How is clipless on fixed? I currently ride with straps and I gather going clipless starts waking up the calf muscles a bit. Combined with the can't-stop-pedalling would this be a decision that slays my legs for weeks/months, or will it be a life-changing improvement?


----------



## MajorMantra (26 Jun 2009)

colinr said:


> How is clipless on fixed? I currently ride with straps and I gather going clipless starts waking up the calf muscles a bit. Combined with the can't-stop-pedalling would this be a decision that slays my legs for weeks/months, or will it be< *a life-changing improvement?*



This.

Matthew


----------



## Will1985 (26 Jun 2009)

Can't imagine riding fixed without clipless, especially uphill. Come to think of it, I don't like riding anything without clipless now!

It's a lot of fun trying to clip in on the move too, especially at the velodrome where they don't like the practise.


----------



## colinr (26 Jun 2009)

Sold! Now just have to wait til payday.
Any recommendations on pedals/shoes to save me a whole load of reading? Road bike if it makes a difference, walking any distance in the shoes is not required.


----------



## Bokonon (26 Jun 2009)

I have only ever ridden clipless on fixed. It is very easy with double sided SPD where it is a case of just stick your foot on the pedal and you clip in. You'll soon learn to unclip at the last moment as part of a break with one foot and unclip the other motion. I now find it more difficult to stop on a freewheeled bike than on fixed. Do make sure you are actually clipped in before putting on the power when pulling away...


----------



## colinr (26 Jun 2009)

> Do make sure you are actually clipped in before putting on the power when pulling away...



A new learning curve, that's what I'm talking about! Toe clips are too easy now


----------



## MajorMantra (26 Jun 2009)

colinr said:


> Sold! Now just have to wait til payday.
> Any recommendations on pedals/shoes to save me a whole load of reading? Road bike if it makes a difference, walking any distance in the shoes is not required.
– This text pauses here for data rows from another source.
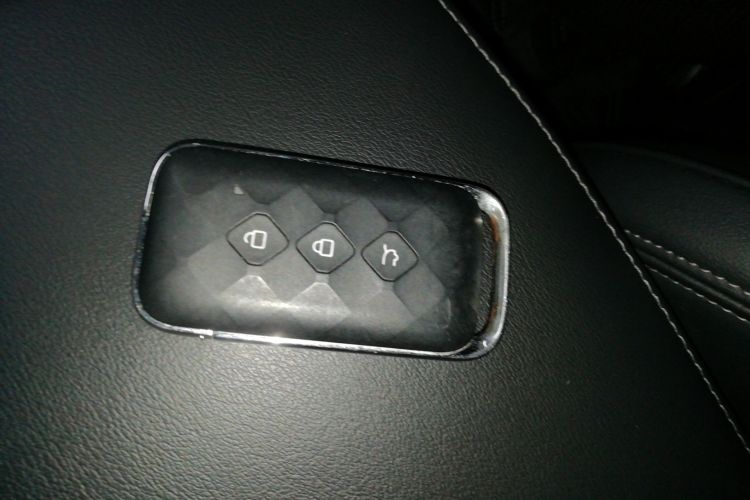 五菱汽车 五菱星辰 2022款 2.0L DHT电速款中控内饰7001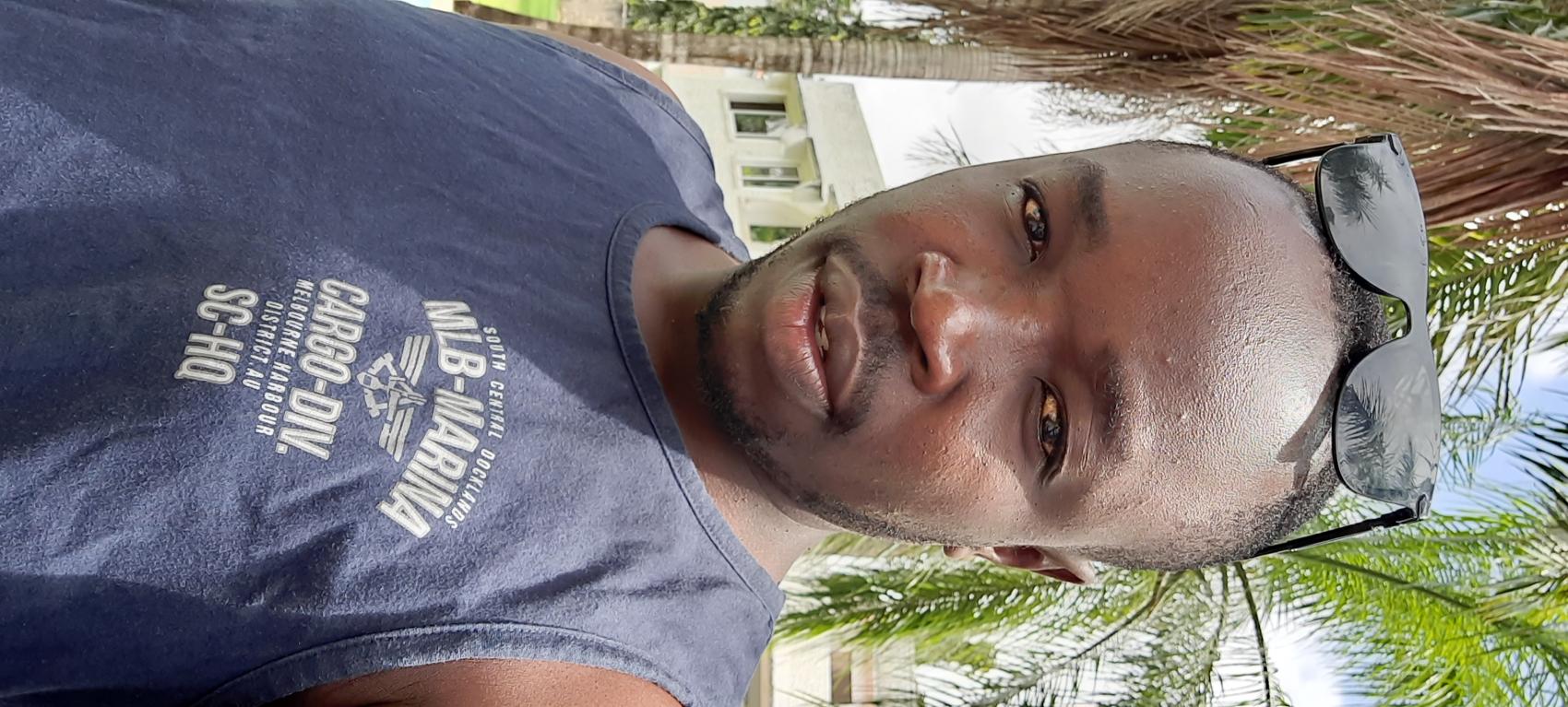 Am a hardworking young man from Kenya.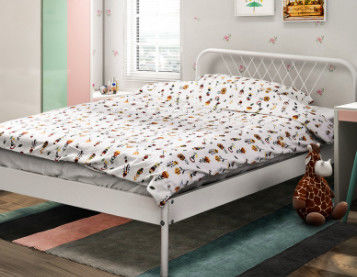 Le cadre simple de lit en métal de chambre à coucher, dortoir a laminé à froid l'Assemblée facile de cadre en acier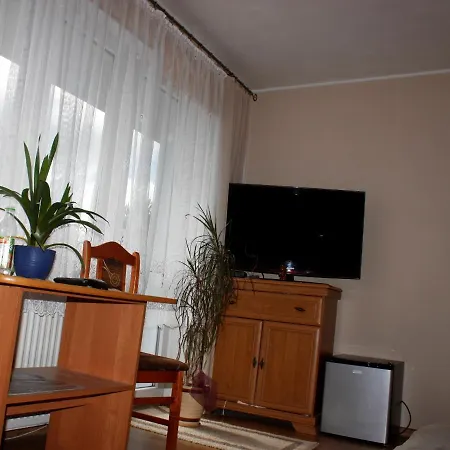 Ugeni, Apartament Ostrowo  Exterior photo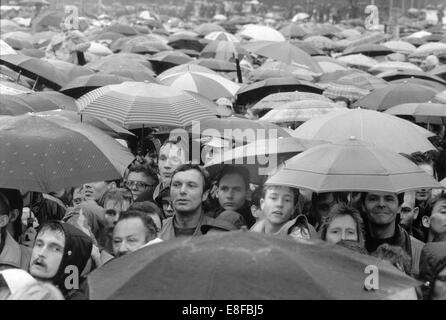 Eine riesige Menschenmenge erwartet die Öffnung der Grenze Crossinig Bradenburg Tor im Regen von Berlin, Deutschland, 22. Dezember 1989. Nachdem bereits viele Grenzübergang eröffnet wurde, war das Brandenburger Tor geöffnet für Fußgänger am Tag. Der Fall der Mauer wurde die DDR-Führung fast lapidar auf einer Pressekonferenz am 9. November 1989 bekannt. Foto: Eberhard Kloeppel Stockfoto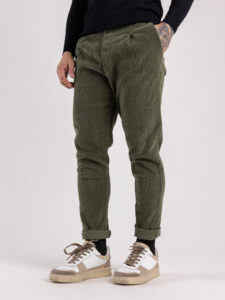 ESTASI Pantalone comodissimo in velluto a costine con pinces ed elastico in vita ZIDANE Verde (3)
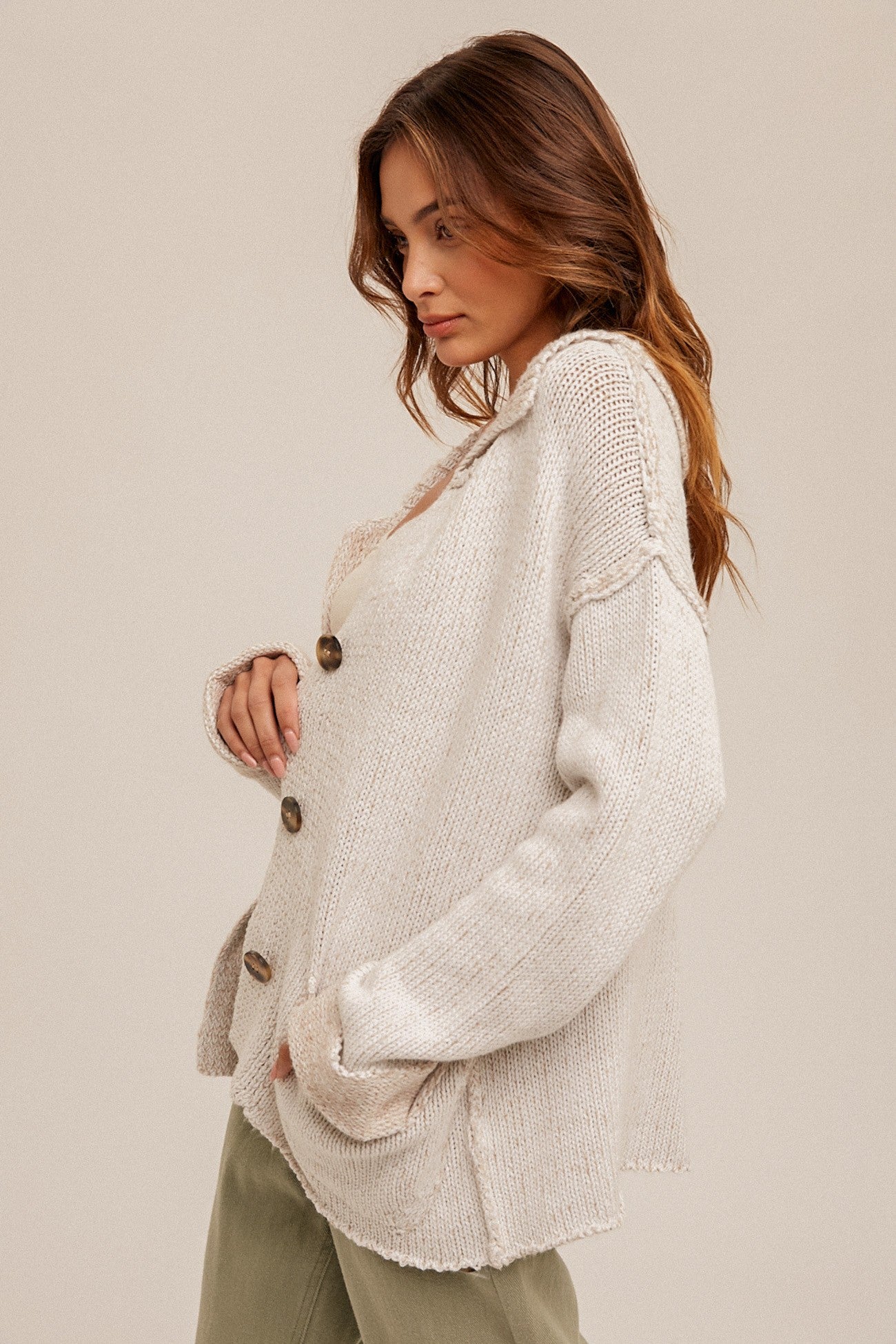 POINTED COLLAR POCKET CARDIGAN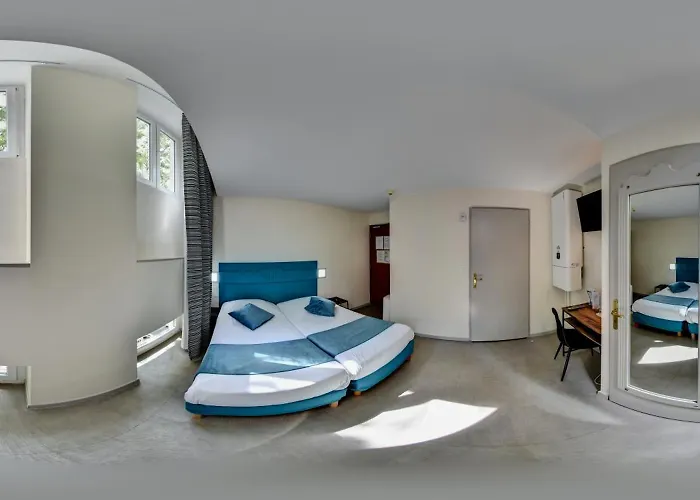 Du Parc Hotel 3*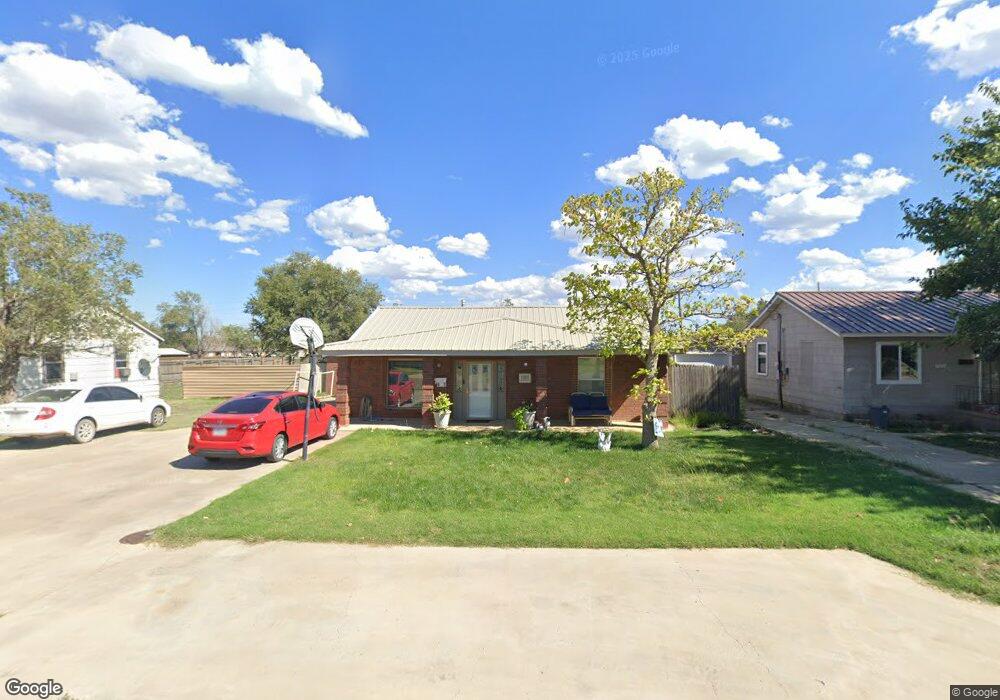 1215 Durrett Ave, Dumas, TX 79029 - photo 1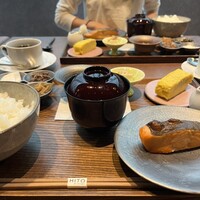 HITO by TACUBO - 
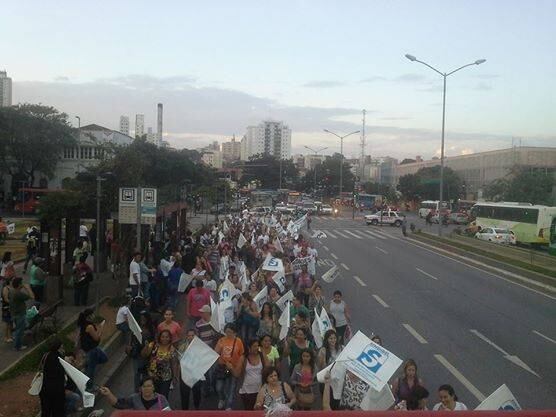 Trabalhadores marcharam pelo centro após assembleia que decidiu manter greve nesta segunda-feira (27)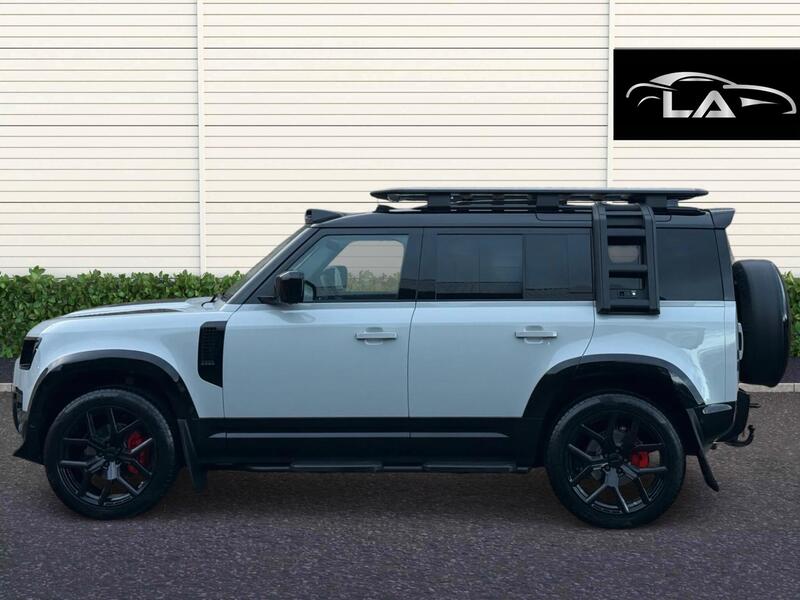 Land Rover Defender 110 view 3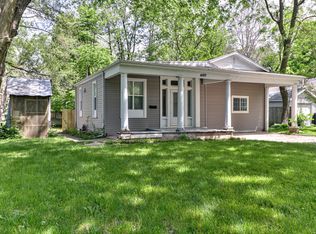 1402 Stout Dr, Urbana, IL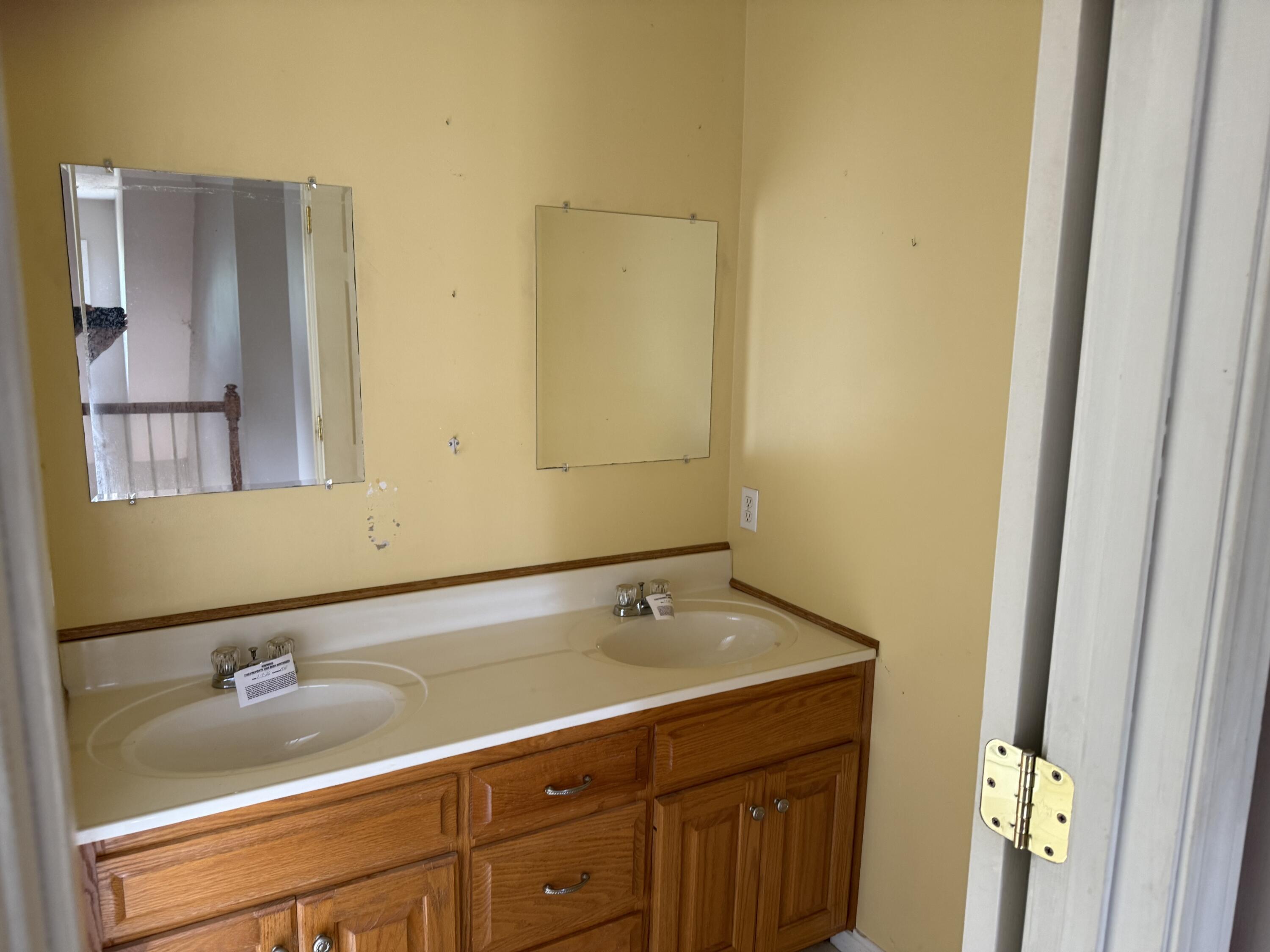 20 Pioneer Point Property Photo 8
For ease of entry, cheap SPDs. For maximum efficiency, proper road pedals like SPD-SLs, Looks, Times, Speedplays etc. All have their fans and it's not really possible to say that any particular one is best, although Speedplays are the only double sided road pedal if that matters to you.

Matthew


----------



## colinr (26 Jun 2009)

Ease of entry is priority, M520s seem popular on here so could well be the winner. I like the Shimano MP66 Shoes but they'll look daft with lycra. I'll go and talk about shoes in a more relevant thread now.


----------



## yorkshiregoth (26 Jun 2009)

I use shimano 520's on my fixie. Couldn't picture myself using regular flat pedals.


----------



## Joe24 (26 Jun 2009)

SPD-SL's with nice road shoes.
I have 105 SPD SL on my good fixed and they are very good, alot better then flats and straps because you can pull on them more.
I did have SPD on my older fixed over the winter, but im not as much of a fan on SPD as i am SPD-SL.
I also dont think that SPD is easier to clip into then SPD-SL.
Just my opinion though.


----------



## giantscr2.0 (26 Jun 2009)

I also ride fixed using SPD-SL.
Couldn't imagine riding fixed using flat pedals.


----------



## D4VOW (26 Jun 2009)

I use Shimano M520's. I couldn't imagine riding any bike without clipless pedals after swapping to them.


----------



## colinr (27 Jun 2009)

Unanimous verdict then. clipless is the new black. I'm thinking Shimano M520s with DHB M1s. Anything wrong with that combo before I order?


----------



## MajorMantra (27 Jun 2009)

colinr said:


> Unanimous verdict then. clipless is the new black. I'm thinking Shimano M520s with DHB M1s. Anything wrong with that combo before I order?



Sounds fine.

Matthew


----------



## Radius (27 Jun 2009)

Best choice I ever made was putting the SPDs on the fixed after riding for a bit with clips n straps. Looks like you've got a good starting setup as well, I know plenty of experienced riders who still use M520s because they're cheap and rugged, yet still perfectly fine in terms of performance. Couldn't imagine using road pedals though...


----------



## 4F (27 Jun 2009)

M520's here as well.


----------



## colinr (28 Jun 2009)

Ta everyone, the order has been placed, I'm properly on my way to clipless.


----------



## fossyant (28 Jun 2009)

XT SPD's here - if you look about they can be got for £45 - RRP £70.


----------



## mattsccm (21 Jul 2009)

Double sided mtb SPD's. Cheap if you want to change and dead easy to hit.


----------



## zimzum42 (22 Jul 2009)

I use LOOKs. Never have any problems clipping in, don't see why clipping in is any bigger an issue with a fixie than it is with a regular bike....


----------



## Young Un (22 Jul 2009)

I use spd-sl with the tension turned up a bit on my track bike, and they are fine to get into even on the move, just takes a bit of practise, but I can see that using a double sided pedal would make life a lot easier.


----------



## alecstilleyedye (22 Jul 2009)

zimzum42 said:


> I use LOOKs. Never have any problems clipping in, don't see why clipping in is any bigger an issue with a fixie than it is with a regular bike....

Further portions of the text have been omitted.